YOUR INSTRUCTIONS:
Return, with both end lines included, exactly what the data below holds from the line with "Motocross Helmet Drip" through the line with "Kadın Açık Mavi", though not the pictures.
BEGIN
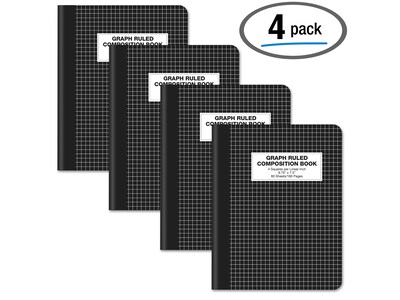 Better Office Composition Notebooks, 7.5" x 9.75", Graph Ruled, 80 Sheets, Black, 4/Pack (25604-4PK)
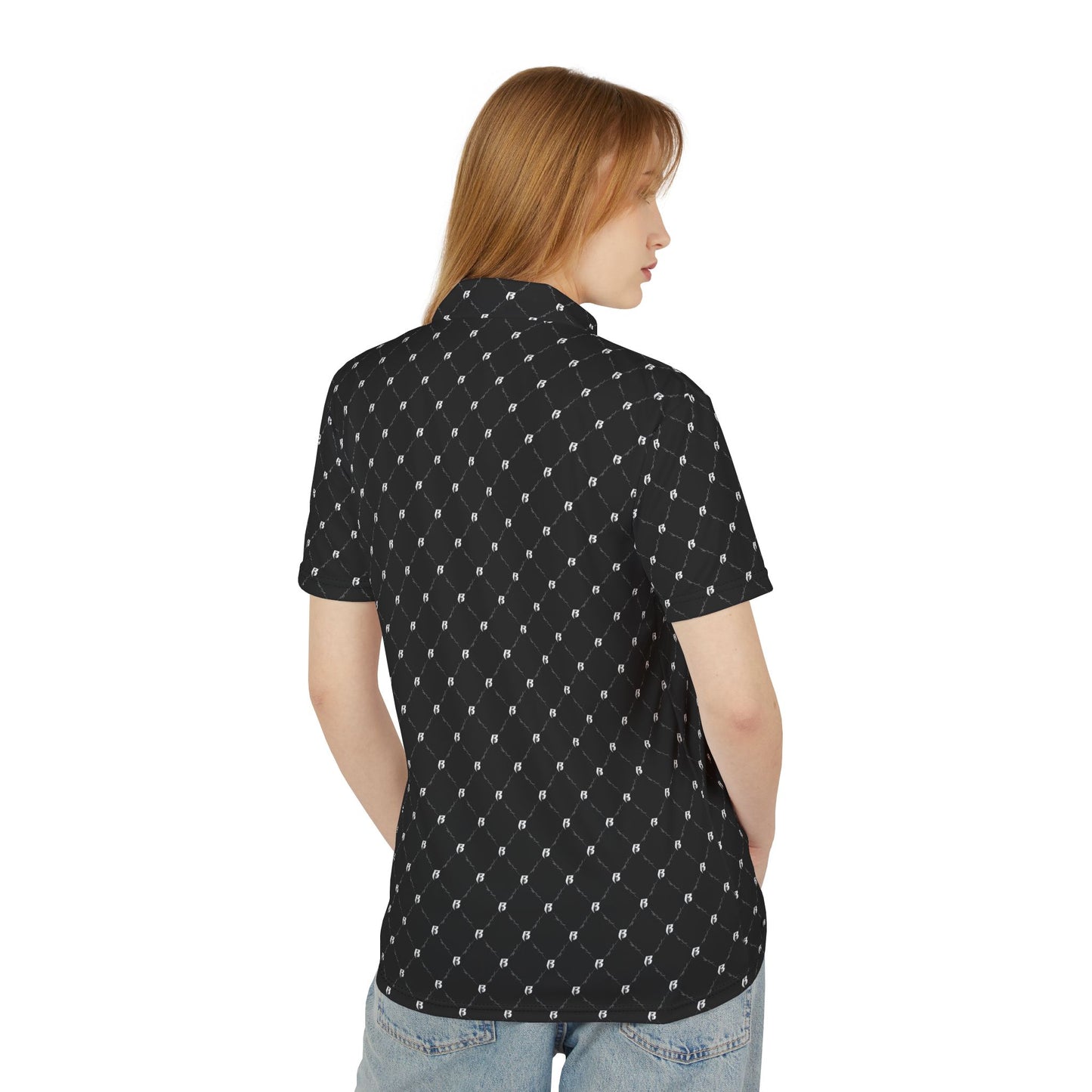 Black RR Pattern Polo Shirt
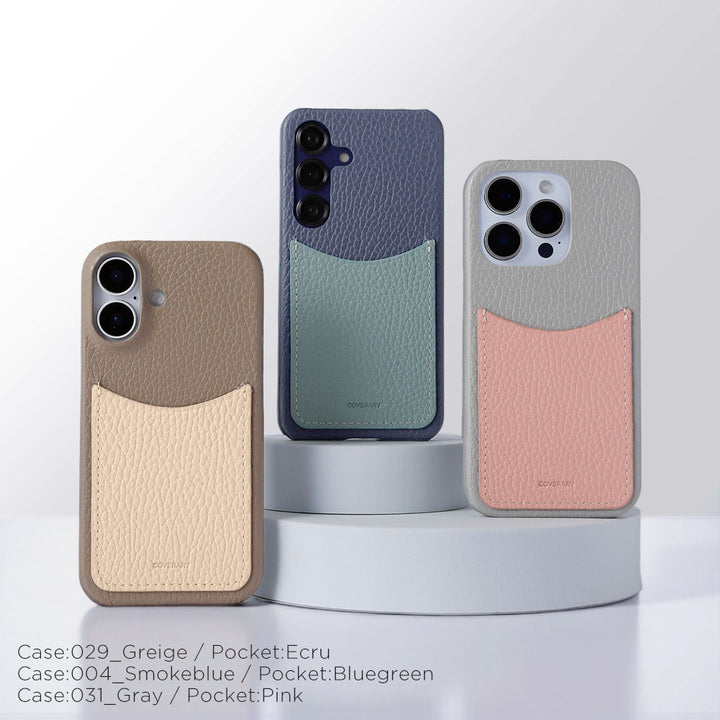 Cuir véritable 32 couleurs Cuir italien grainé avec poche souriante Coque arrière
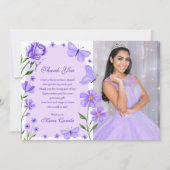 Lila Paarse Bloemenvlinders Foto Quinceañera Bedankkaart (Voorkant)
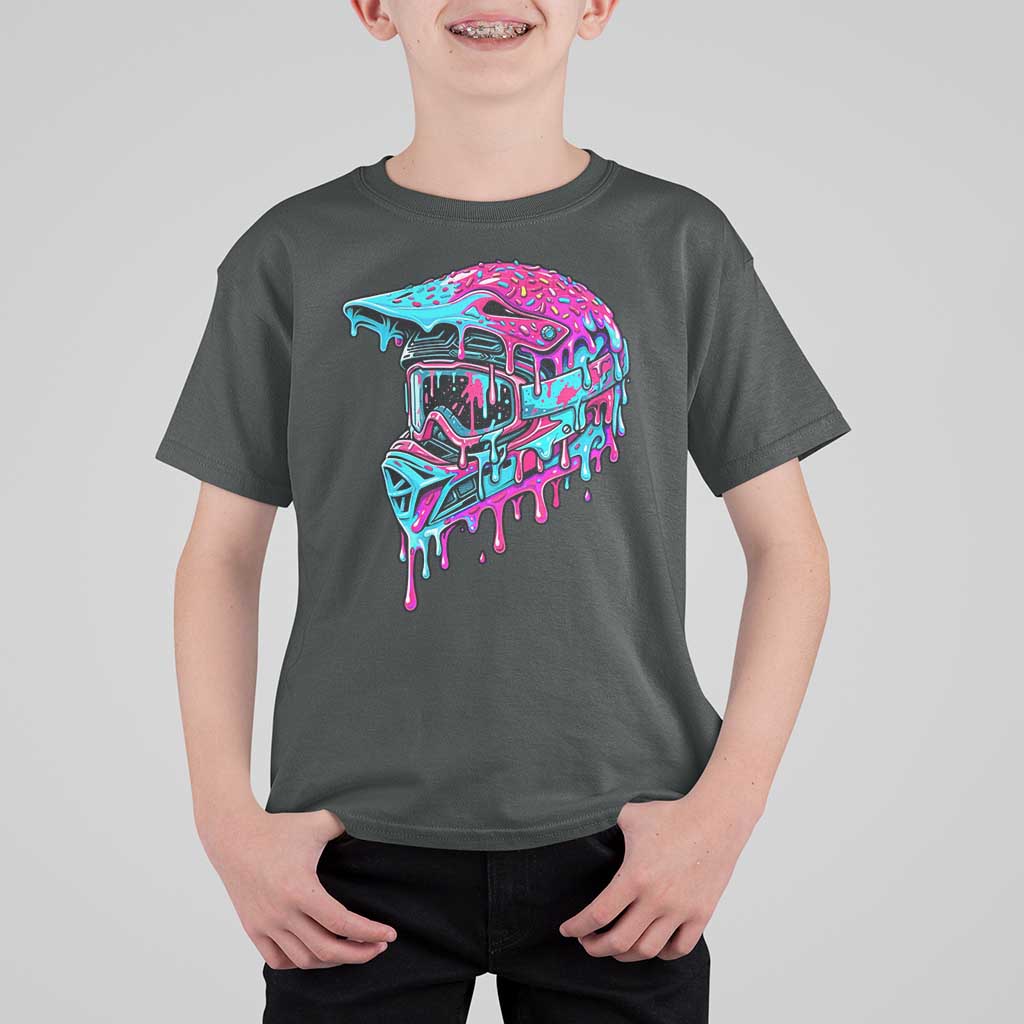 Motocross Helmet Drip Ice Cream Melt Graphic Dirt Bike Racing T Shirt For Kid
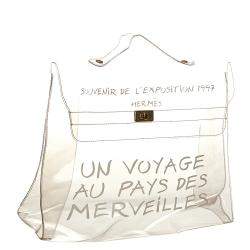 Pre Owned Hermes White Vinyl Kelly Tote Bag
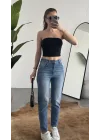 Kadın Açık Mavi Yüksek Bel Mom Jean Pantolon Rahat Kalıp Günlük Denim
END
BEGIN
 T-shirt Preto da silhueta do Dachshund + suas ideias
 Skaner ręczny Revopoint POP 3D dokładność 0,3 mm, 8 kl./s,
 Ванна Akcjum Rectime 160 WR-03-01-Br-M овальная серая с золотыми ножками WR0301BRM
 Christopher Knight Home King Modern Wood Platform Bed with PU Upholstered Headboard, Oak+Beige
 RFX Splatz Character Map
END
TASK SOLUTION:
 Motocross Helmet Drip Ice Cream Melt Graphic Dirt Bike Racing T Shirt For Kid
 Pre Owned Hermes White Vinyl Kelly Tote Bag
 Kadın Açık Mavi Yüksek Bel Mom Jean Pantolon Rahat Kalıp Günlük Denim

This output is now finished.